▶ WHAT YOU WILL DO
In the entries below, find the line containing "Openstrap theme site design template sample" and the line containing "Camiseta los angeles". Copy those two lines and everything between them exactly, and only that.

########

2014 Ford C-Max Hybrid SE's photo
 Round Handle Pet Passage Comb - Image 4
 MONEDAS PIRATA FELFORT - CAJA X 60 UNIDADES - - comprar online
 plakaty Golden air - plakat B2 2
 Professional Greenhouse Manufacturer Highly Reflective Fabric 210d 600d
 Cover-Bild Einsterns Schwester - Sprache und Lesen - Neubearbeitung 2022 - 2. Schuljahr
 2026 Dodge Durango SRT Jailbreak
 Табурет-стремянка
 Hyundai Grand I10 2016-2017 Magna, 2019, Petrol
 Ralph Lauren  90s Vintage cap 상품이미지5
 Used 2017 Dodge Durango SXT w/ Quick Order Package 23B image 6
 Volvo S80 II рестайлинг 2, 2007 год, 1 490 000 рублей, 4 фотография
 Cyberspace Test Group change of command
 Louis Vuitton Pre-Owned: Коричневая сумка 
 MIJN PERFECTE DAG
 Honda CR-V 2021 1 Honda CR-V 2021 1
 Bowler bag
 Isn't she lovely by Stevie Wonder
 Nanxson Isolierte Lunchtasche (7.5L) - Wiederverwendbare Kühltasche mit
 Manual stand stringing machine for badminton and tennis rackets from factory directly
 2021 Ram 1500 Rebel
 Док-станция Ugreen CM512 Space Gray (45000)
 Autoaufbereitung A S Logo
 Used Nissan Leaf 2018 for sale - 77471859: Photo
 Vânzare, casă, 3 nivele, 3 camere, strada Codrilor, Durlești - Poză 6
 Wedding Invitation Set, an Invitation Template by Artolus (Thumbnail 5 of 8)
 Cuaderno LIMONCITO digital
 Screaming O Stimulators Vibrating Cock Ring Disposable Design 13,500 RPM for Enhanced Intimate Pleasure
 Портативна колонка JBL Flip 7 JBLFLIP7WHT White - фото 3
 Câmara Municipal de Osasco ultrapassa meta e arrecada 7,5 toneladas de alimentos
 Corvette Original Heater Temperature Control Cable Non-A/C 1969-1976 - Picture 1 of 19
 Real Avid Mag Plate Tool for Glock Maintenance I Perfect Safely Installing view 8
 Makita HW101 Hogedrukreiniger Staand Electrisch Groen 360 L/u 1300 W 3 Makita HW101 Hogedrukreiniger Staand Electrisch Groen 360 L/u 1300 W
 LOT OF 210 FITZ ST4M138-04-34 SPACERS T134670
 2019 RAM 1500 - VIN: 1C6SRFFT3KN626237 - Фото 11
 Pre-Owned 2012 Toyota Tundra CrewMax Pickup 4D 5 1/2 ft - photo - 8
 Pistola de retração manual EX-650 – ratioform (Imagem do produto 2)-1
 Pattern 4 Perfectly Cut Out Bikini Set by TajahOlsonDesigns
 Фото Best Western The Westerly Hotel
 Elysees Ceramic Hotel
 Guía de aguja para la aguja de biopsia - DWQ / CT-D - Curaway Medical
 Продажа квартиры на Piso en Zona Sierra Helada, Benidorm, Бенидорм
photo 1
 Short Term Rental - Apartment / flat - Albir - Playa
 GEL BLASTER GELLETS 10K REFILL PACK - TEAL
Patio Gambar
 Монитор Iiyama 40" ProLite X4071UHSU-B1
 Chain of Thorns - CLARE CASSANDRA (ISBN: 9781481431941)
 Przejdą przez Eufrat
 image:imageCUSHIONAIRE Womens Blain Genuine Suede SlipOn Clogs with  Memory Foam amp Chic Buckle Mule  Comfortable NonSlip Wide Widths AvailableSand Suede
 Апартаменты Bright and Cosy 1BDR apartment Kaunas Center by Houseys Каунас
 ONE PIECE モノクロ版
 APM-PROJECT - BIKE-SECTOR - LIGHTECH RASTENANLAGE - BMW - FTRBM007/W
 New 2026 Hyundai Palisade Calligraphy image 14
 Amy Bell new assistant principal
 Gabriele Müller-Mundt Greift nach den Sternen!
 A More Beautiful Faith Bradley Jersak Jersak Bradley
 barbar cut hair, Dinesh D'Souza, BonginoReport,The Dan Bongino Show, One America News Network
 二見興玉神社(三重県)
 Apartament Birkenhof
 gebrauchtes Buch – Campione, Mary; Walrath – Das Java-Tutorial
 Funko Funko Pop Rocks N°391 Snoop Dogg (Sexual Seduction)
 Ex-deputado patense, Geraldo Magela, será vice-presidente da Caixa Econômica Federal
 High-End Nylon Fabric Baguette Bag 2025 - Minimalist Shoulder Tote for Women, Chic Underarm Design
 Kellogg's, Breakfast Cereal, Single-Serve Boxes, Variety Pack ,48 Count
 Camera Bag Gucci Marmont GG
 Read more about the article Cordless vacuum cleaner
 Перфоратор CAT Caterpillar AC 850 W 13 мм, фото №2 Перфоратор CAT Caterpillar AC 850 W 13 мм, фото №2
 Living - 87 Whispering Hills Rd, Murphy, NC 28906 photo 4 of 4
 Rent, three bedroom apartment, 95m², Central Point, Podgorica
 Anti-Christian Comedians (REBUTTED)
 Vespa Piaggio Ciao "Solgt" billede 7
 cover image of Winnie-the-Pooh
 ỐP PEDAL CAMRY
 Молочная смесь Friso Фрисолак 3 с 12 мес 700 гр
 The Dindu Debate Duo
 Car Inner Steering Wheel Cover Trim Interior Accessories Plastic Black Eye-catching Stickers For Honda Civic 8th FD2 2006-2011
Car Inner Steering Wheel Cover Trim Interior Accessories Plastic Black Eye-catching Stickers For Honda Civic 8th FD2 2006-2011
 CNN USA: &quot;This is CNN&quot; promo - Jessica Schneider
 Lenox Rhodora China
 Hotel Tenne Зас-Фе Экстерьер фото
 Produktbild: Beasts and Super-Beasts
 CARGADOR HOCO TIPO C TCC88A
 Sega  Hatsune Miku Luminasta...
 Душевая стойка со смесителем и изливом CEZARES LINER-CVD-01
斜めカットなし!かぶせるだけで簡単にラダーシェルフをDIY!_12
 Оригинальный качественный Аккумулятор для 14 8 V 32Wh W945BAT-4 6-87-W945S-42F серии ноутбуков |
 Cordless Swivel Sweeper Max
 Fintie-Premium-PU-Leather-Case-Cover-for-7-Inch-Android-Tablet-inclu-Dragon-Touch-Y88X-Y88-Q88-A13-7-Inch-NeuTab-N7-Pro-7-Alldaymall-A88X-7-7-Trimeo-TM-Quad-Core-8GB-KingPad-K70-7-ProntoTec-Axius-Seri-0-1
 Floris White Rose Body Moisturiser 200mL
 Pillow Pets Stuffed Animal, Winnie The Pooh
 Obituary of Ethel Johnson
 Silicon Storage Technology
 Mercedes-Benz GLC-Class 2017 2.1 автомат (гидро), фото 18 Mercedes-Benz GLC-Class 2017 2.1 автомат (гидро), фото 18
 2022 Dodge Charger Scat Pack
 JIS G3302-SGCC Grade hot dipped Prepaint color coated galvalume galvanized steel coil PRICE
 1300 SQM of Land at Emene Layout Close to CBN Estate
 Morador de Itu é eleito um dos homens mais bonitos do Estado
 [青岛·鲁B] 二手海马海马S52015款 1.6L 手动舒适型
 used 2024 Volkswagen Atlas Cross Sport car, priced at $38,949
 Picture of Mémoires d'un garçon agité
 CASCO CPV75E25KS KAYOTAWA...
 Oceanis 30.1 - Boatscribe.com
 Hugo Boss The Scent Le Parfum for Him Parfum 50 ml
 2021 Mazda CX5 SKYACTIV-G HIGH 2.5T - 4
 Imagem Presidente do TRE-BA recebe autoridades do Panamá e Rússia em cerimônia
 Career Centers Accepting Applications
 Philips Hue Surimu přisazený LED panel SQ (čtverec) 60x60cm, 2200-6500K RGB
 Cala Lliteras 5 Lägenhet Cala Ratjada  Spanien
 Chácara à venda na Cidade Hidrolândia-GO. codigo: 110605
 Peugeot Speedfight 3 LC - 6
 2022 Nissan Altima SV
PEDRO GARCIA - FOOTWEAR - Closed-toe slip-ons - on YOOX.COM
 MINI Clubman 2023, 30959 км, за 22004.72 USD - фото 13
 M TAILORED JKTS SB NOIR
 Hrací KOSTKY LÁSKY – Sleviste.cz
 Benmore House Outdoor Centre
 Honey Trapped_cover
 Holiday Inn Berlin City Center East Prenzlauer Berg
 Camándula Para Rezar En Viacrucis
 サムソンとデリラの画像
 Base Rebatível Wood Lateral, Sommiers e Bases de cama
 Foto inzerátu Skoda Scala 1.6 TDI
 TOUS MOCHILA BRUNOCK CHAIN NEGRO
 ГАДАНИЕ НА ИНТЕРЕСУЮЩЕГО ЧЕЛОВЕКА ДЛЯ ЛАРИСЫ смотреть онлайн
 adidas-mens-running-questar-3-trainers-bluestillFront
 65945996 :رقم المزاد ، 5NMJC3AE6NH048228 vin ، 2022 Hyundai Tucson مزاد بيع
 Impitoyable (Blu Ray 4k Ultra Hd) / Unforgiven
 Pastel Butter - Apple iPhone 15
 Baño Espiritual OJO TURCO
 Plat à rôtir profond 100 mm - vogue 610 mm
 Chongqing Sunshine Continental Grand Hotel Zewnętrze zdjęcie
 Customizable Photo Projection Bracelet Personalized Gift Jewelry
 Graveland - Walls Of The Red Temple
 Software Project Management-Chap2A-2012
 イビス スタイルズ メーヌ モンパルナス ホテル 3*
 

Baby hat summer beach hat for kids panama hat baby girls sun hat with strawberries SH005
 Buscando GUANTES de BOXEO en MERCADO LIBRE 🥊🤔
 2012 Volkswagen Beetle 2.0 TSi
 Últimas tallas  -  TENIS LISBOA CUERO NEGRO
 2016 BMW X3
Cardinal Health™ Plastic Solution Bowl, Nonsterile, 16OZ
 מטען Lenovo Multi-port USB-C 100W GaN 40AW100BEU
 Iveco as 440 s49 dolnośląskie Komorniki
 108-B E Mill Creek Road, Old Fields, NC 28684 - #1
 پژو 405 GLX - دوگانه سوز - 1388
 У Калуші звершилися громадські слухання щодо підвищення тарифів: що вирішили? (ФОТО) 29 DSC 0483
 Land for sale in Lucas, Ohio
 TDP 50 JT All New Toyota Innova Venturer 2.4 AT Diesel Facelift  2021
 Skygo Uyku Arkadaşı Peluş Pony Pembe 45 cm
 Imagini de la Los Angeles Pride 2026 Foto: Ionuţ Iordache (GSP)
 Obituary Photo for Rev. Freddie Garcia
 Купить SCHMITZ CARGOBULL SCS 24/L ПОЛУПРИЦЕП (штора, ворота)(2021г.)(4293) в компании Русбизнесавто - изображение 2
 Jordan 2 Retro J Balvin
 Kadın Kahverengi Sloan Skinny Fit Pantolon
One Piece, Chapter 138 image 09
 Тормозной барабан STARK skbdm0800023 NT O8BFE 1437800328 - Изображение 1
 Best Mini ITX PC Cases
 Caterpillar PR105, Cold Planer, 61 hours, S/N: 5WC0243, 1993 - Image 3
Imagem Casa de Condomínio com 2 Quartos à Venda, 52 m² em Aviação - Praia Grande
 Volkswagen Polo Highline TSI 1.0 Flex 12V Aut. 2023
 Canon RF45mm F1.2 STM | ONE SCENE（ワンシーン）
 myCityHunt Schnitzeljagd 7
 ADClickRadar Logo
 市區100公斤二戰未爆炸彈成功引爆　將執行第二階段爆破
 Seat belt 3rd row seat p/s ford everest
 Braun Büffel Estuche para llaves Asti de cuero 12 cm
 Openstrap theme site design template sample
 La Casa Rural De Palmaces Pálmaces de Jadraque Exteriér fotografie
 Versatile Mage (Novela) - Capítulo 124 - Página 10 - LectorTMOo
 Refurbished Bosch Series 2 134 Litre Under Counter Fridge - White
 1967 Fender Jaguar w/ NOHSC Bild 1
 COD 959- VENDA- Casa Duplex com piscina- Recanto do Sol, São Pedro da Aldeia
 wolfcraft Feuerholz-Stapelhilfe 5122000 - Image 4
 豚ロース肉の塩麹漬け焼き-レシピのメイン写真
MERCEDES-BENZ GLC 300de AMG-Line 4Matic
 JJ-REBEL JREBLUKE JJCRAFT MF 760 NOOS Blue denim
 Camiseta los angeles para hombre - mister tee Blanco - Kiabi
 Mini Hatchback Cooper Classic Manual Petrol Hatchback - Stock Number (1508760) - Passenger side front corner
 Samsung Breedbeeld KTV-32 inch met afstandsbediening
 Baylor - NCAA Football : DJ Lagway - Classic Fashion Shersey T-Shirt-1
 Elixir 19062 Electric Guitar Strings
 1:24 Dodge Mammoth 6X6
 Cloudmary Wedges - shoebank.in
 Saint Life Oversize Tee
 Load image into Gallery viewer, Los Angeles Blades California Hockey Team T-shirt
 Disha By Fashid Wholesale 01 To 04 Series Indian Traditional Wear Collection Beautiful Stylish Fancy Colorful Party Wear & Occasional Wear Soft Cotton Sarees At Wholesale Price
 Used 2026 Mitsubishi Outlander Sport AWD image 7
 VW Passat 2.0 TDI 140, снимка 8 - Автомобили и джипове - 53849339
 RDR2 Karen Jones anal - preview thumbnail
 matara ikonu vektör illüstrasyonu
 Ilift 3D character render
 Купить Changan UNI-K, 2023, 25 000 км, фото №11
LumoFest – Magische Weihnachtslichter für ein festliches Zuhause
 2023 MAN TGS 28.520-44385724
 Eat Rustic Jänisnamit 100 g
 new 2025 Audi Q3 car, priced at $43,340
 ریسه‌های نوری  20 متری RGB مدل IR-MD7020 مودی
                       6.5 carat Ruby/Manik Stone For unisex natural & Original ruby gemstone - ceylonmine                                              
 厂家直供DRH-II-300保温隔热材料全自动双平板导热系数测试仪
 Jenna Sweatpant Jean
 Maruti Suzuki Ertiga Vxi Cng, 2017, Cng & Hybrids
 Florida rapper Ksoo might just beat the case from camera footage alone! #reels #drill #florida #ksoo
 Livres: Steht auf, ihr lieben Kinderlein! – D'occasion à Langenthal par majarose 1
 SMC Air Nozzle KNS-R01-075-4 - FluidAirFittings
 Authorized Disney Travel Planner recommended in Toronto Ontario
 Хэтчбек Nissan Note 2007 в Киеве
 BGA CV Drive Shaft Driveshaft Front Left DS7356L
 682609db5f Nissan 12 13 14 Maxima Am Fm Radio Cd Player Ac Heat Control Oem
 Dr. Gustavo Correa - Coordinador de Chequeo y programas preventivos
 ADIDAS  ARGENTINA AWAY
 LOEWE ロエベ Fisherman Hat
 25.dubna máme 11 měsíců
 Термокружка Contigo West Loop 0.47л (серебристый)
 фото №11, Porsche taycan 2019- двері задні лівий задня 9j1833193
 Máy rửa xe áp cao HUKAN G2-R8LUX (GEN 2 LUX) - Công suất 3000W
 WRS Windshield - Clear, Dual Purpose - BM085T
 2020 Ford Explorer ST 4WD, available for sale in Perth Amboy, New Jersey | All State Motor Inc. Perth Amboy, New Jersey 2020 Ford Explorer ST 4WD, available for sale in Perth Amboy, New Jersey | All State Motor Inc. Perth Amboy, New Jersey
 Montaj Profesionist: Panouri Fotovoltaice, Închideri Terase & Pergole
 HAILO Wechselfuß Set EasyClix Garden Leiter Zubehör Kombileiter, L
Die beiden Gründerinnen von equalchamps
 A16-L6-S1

########

▶ RESPONSE AREA
 Openstrap theme site design template sample
 La Casa Rural De Palmaces Pálmaces de Jadraque Exteriér fotografie
 Versatile Mage (Novela) - Capítulo 124 - Página 10 - LectorTMOo
 Refurbished Bosch Series 2 134 Litre Under Counter Fridge - White
 1967 Fender Jaguar w/ NOHSC Bild 1
 COD 959- VENDA- Casa Duplex com piscina- Recanto do Sol, São Pedro da Aldeia
 wolfcraft Feuerholz-Stapelhilfe 5122000 - Image 4
 豚ロース肉の塩麹漬け焼き-レシピのメイン写真
MERCEDES-BENZ GLC 300de AMG-Line 4Matic
 JJ-REBEL JREBLUKE JJCRAFT MF 760 NOOS Blue denim
 Camiseta los angeles para hombre - mister tee Blanco - Kiabi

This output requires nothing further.